Der Cavern-Club existiert schon lange nicht mehr. Er wurde vor Jahren abgerissen und durch einen modernen Funktionsbau ersetzt. Ein paar Meter weiter hat ein Dublikat seither die Pforten geöffnet. Eine Sanierungs-Sünde, die man in Liverpool seit langem bereut. Nur ein Hinweistafel erinnert noch an die einst glorreichen Zeiten.
Damals, zu Beginn der 1960er Jahre, herrschte in den engen Gassen der Altstadt jeden Abend Hochbetrieb. Ein neuer, schriller, ohrenbetäubender Sound sorgte für Hysterie. Hunderte von jungen Leuten strömten zu Auftritten der Beatles, von Gerry & The Pacemakers oder der Fourmost, die entweder gleich um die Ecke im Iron Door in der Temple Street auftraten oder hier im Cavern. Brav wurde vor dem Eingang Schlage gestanden, bis man eingelassen wurde und dann zwei Treppen in das riesige Kellergewölbe hinunterstieg, das an die 500 Besucher fasste.
Der Cavern Club war ein feuchtes Loch, das im 2. Weltkrieg als Luftschutzkeller gedient hatte. Er war schlecht beleuchtet, stickig und modrig. Frischluftzufuhr gab es kaum. Wenn der Laden voll war, tropfte das Kondenzwasser von den Wänden. Die jungen Leute kümmerte das wenig. Auf sie übte der Club eine magische Anziehungskraft aus, weil hier die heißesten Bands
spielten.
John-Lennon-Statue schräg gegenüber vom ehemaligen Cavern-Club. (Foto: Christoph Wagner)
Ursprünglich war der Cavern 1957 als Jazzclub entstanden, doch änderte er mit der Zeit sein Konzept, um die neuen musikalischen Strömungen zu präsentieren. Das war kommerziell einträglicher. Zuerst wurde ein Abend für Skiffle eingerichtet, dann tauchten ab 1961 die erste Beatbands auf, die bald das Programm dominierten, weil der Publikumsansturm so gewaltig war.

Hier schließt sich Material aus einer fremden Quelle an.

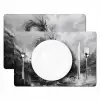 Krijger - Draak - Grijs Placemat vinyl groot -zzsfeer2_Kitchenyeah-website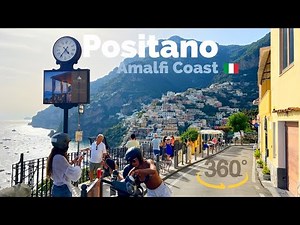 Positano, Italy 🇮🇹 - 360° VR 4K Walking Tour - September 2022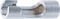 BGS 70988-10 | Spezial-Steckschlüssel-Einsatz, geschlitzt | Antrieb Innenvierkant 10 mm (3/8) | SW 10 mm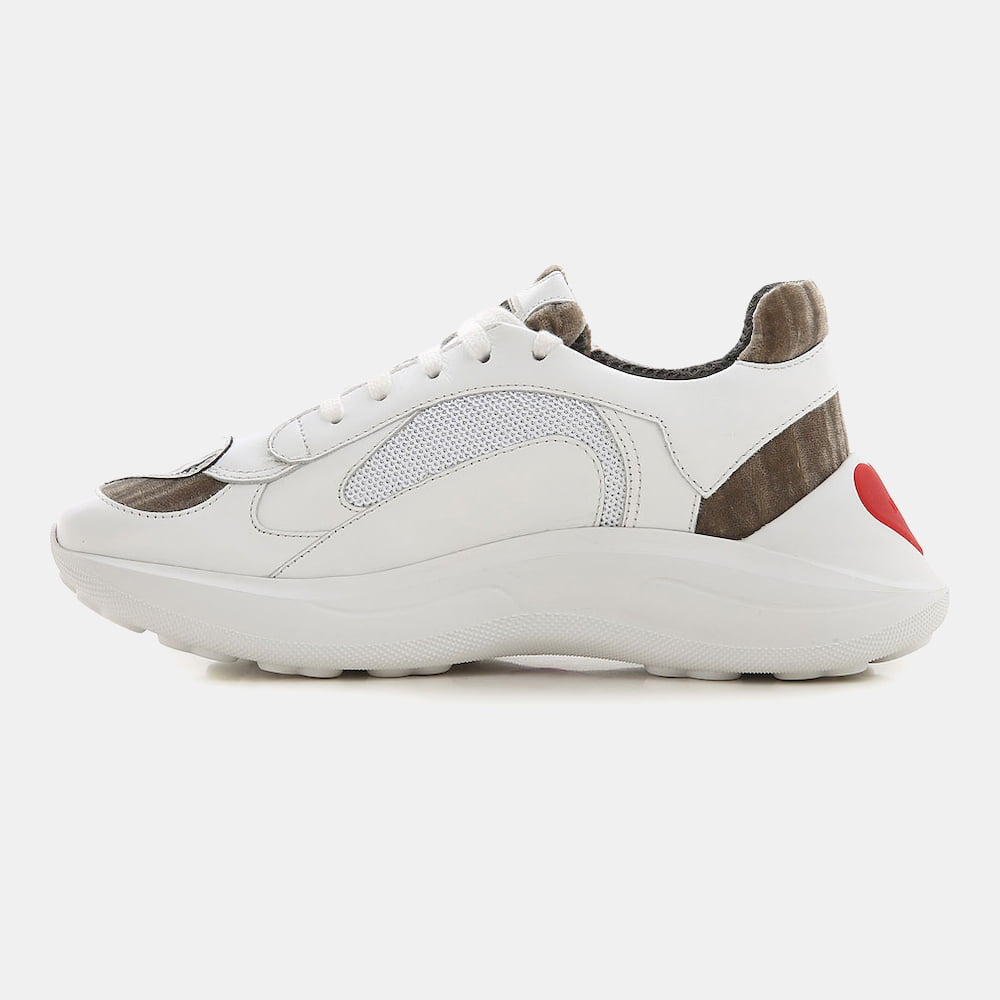 Moschino Sapatilhas Sneakers Shoes Ja15296 White Branco Shot6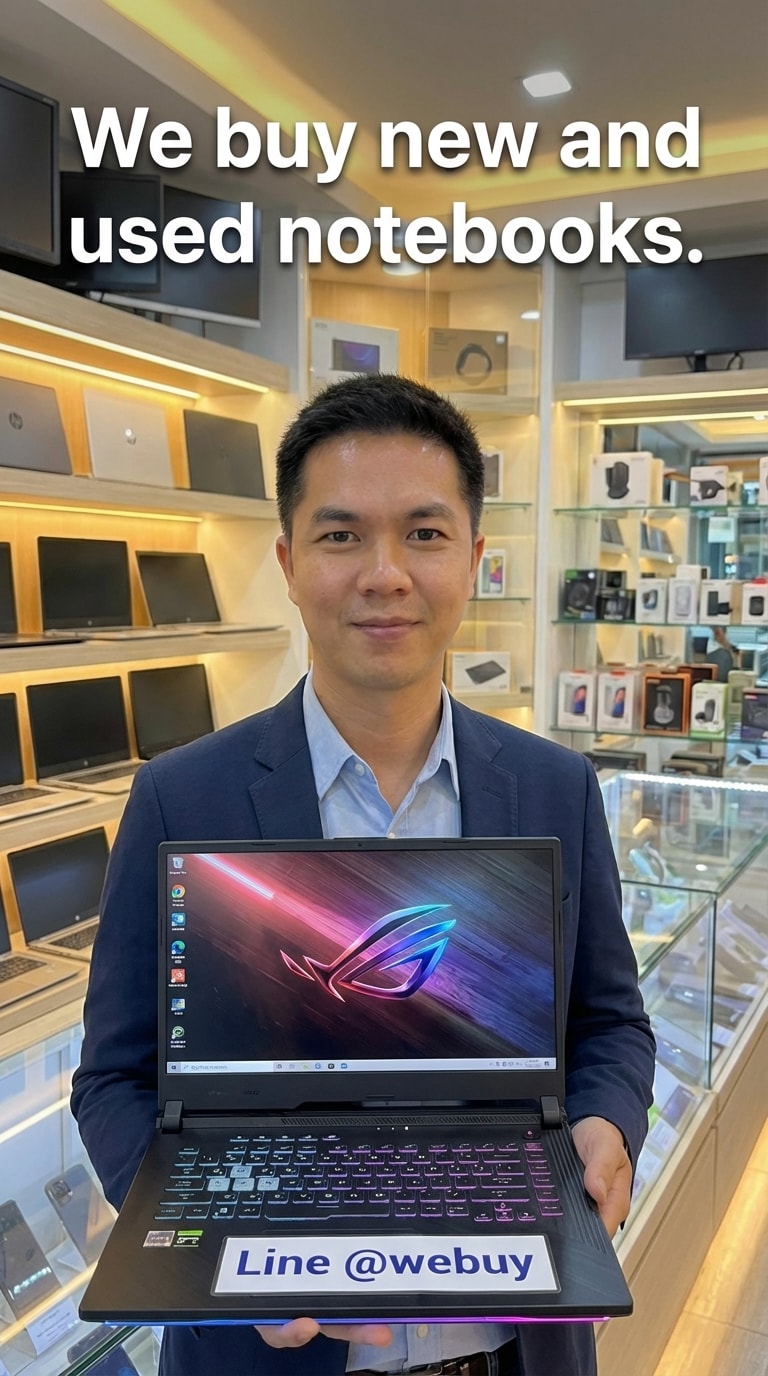 WEBUY HUB - รับซื้ออุปกรณ์ไอที โน๊ตบุ๊ค MacBook iPhone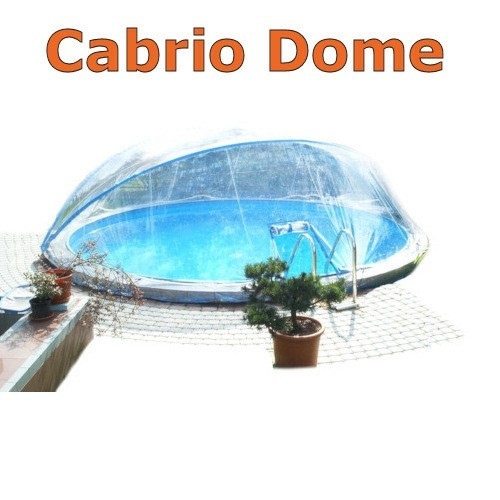 4,00 bis 4,20 m Poolabdeckung Cabrio-Dome
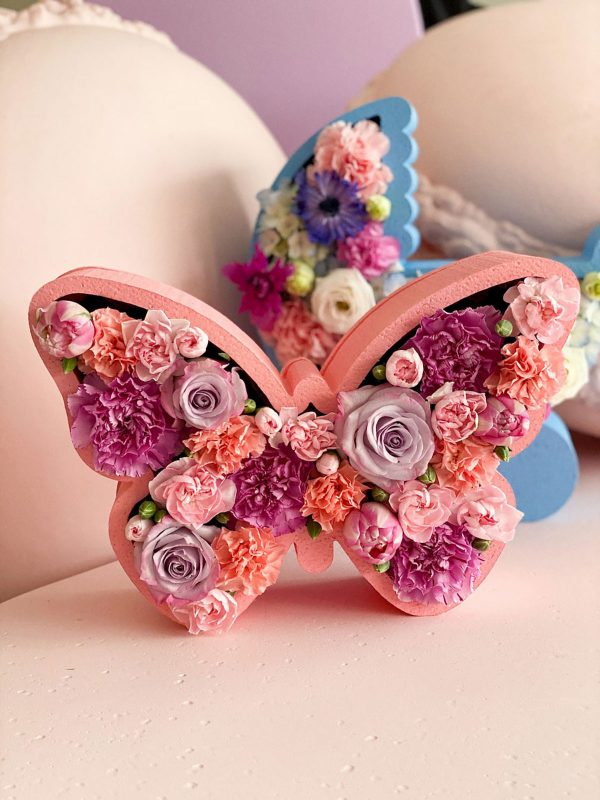 Butterfly Shaped Styrofoam Boxes 3D Custom Cut Foam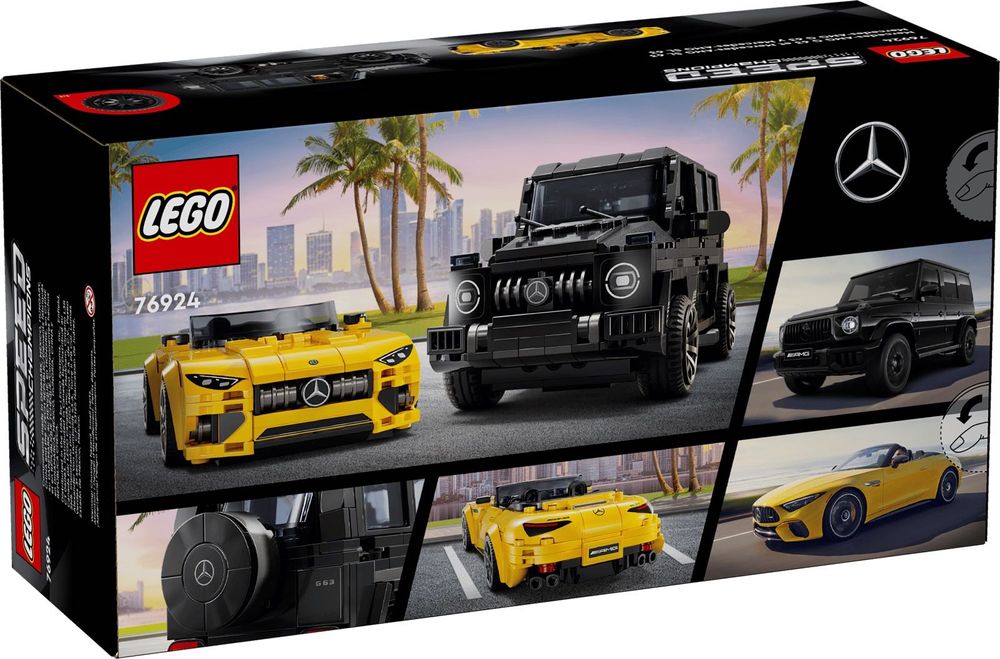 LEGO Mercedes AMG G63 i AMG SL63  nowy zestaw nr 76924 ŁÓDŹ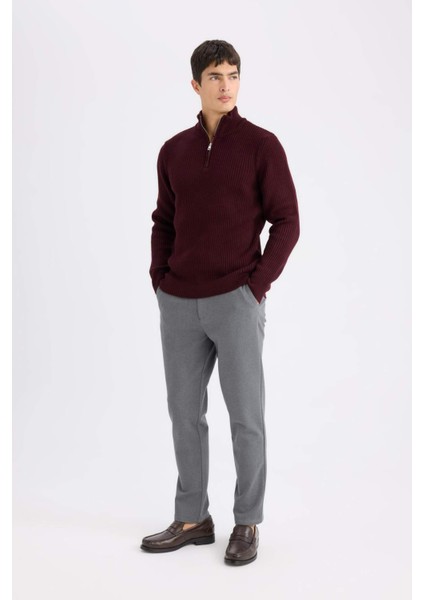 Tailored Regular Fit Normal Kesim Kumaş Pantolon Basic Düz Cepli D9084AX24WN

Die Beatbands gingen aus einer lebendigen Musikszene hervor, die in Liverpool eine lange Tradition hat. Wahrscheinlich war der Einfluss der irischen Einwohner dafür verantwortlich, dass in fast jeder Kneipe Musik gemacht wurde, gehört in Irland das gemeinschaftliche Musikmachen und Liedersingen im Pub doch zur Alltagskultur. In Liverpool war der Anteil der Iren hoch. Sie waren Nachfahren von Auswanderern, die auf dem Weg nach Amerika in der nordenglischen Hafenstadt zu Tausenden hängengeblieben waren. Irland, unter englischer Besatzung, hatte im 19. Jahrhundert keinen eigenen Überseehafen.
Bei den Musikveranstaltungen ging es hoch her, oft kam es zu Schlägereien. “Da die Pubs um 10 Uhr dichtmachten, tranken die Leute dort so viel Bier wie möglich, bevor sie in die Tanzclubs weiterzogen,“ erzählt Billy Butler, ein Veteran der Liverpooler Szene. “Wenn ein paar Hundert Leute tanzten, und man aus Versehen jemanden anrempelte, der aber meinte, dass es Absicht war – ging es schon los. Wenn man mit jemanden einen Streit hatte, ging man danach besser nicht mehr alleine auf die Toilette, weil er einem vielleicht mit seinen Freunden folgte. Man kannte die Banden und wußte aus welchem Stadtteil sie waren. Man wußte, wem man aus dem Weg gehen mußte, wer der Anführer war. Das lernte man, indem man jede Woche ausging. Manchmal gab es Ärger nachts auf dem Heimweg. Vielleicht war da eine Bande auf der anderen Straßenseite, die herüber schrien. Man brüllte zurück. Dann kam es zum Tumult. Wenn sie in der Überzahl waren, rannten man besser so schnell man konnte. Wenn man ein guter Läufer war, konnte man entwischen.”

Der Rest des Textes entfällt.